He was born Feb. 17, 1922 in Green Springs, Ohio to Irene and Ralph Vesey. He made Green Springs his home for the next 37 years, graduating from the local high school where he lettered in track events. In the Fall of 1940 he attended Ohio University briefly but missed a certain girl, Norma Goetz of Tiffin he had dated back home, and also his father needed help running their floor covering store. He wrote years later that he knew then that she was without doubt, the person for him. The country was plunged into war and in September 1942 he joined the US Coast Guard and was assigned to port security during WWII in New York City. Once he knew where he would be for the next few years he asked Norma to marry him and the wedding took place in Tiffin on February 18, 1943. He and Norma lived in Brooklyn and on Staten Island where she worked as a phone operator at Halloran Army Hospital on the island. Their son David was born to them one year later. After the war ended, Richard and his father owned and managed Vesey’s retail store in Green Springs selling floor coverings. Richard’s brother Bob also sold household appliances in the store. Two more sons were born in 1946 and 48 until they were blessed with the girl they always wanted, Mary in 1952. As they grew, Dick coached Little League baseball and the store sponsored a team.
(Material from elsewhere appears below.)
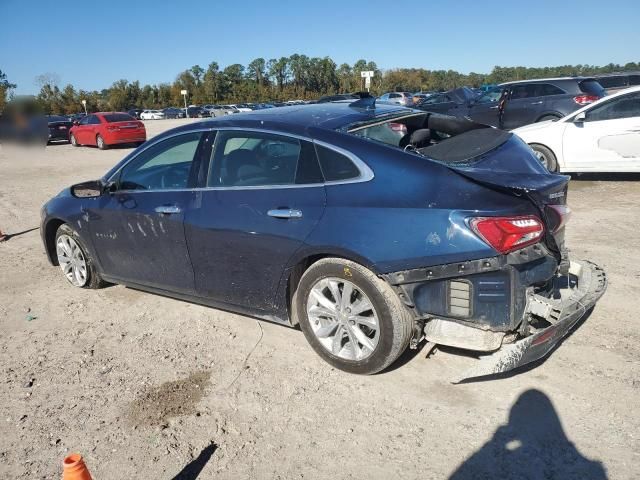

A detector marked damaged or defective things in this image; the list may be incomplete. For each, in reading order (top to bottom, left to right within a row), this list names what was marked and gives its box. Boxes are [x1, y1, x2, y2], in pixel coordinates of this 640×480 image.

damaged blue sedan [40, 99, 604, 380]
broken taillight lens [470, 217, 544, 255]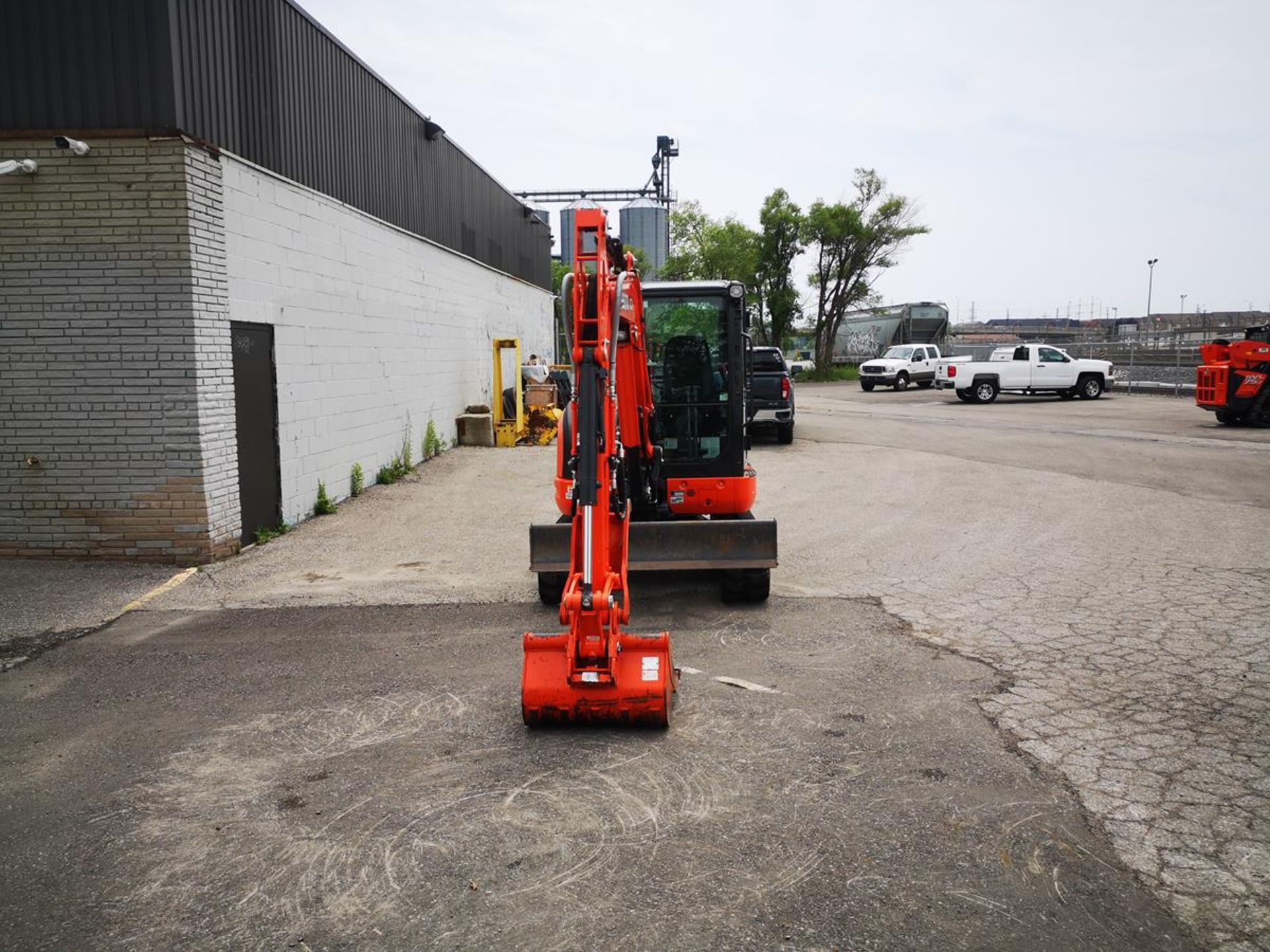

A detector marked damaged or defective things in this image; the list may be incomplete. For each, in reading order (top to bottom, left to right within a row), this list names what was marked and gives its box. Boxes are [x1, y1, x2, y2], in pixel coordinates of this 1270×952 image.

cracked asphalt pavement [5, 383, 1265, 949]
Camping trips to Indiana, Pennsylvania and New York were a popular pastime during the early 1950s for the Vesey’s. Richard was always a fan of the American West so two lengthy family trips were taken to the western states in 1954 and ’55. Sadly, 1958 saw the death of Dick’s mother Irene to a heart attack. His dad soon remarried and wanted to buy out Dick’s portion of the store. In 1959, Dick took that opportunity to move his wife and four children to Boulder, Colorado. One school teacher in Green Springs was aghast that Dick and Norma would take their young family to a place with dirt streets, wooden sidewalks and horse hitching posts. Apparently she had seen too many westerns. He began operating a ServiceMaster carpet cleaning franchise in Boulder County. They had a home built in the new subdivision of Fairview Estates off Baseline Road on Teresa Drive, six miles east of Boulder. They joined the new Mountain View Methodist Church and soon made many lasting friendships. A year later they opened a retail floor covering store just east of Broadway on Arapahoe Avenue in addition to the cleaning business. In later years they moved the store to better locations on Pearl Street and then on East Arapahoe.
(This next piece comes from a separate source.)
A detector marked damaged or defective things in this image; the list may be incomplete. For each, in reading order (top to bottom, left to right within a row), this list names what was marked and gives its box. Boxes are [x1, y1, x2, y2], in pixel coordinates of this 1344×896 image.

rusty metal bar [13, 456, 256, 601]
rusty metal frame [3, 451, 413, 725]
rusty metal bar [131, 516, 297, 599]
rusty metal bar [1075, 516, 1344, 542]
Knowing that Colorado University had about 20,000 students on campus, they invested their limited savings in student and rental housing in Boulder. In 1962, they purchased and operated a room-and-board student house on 13th Street next to the Flatiron Theater with Norma having to prepare most of the meals. From the profits from these properties, they purchased larger real estate investments in Thornton, Denver, Alamosa, Lamar and in Minnesota at various times.
Their oldest son David by this time had taken employment with Western Airlines which gave his parents the ability to fly on passes to many destinations including Hawaii. Dick and Norma said they would like to live there someday if circumstances ever permitted. By 1978, the kids had grown and begun lives of their own. Dick and Norma purchased a home on a shoulder of Mauna Kea on the big island of Hawaii to start a new phase of their lives. Unfortunately it was at an elevation of 2500’ and subject to rain and cold weather for days at a time. They found another new home down by the ocean near the village of Pahoa and moved there. They planted 30 papaya trees, some banana and even pineapple plants and settled in to enjoy the warmer weather.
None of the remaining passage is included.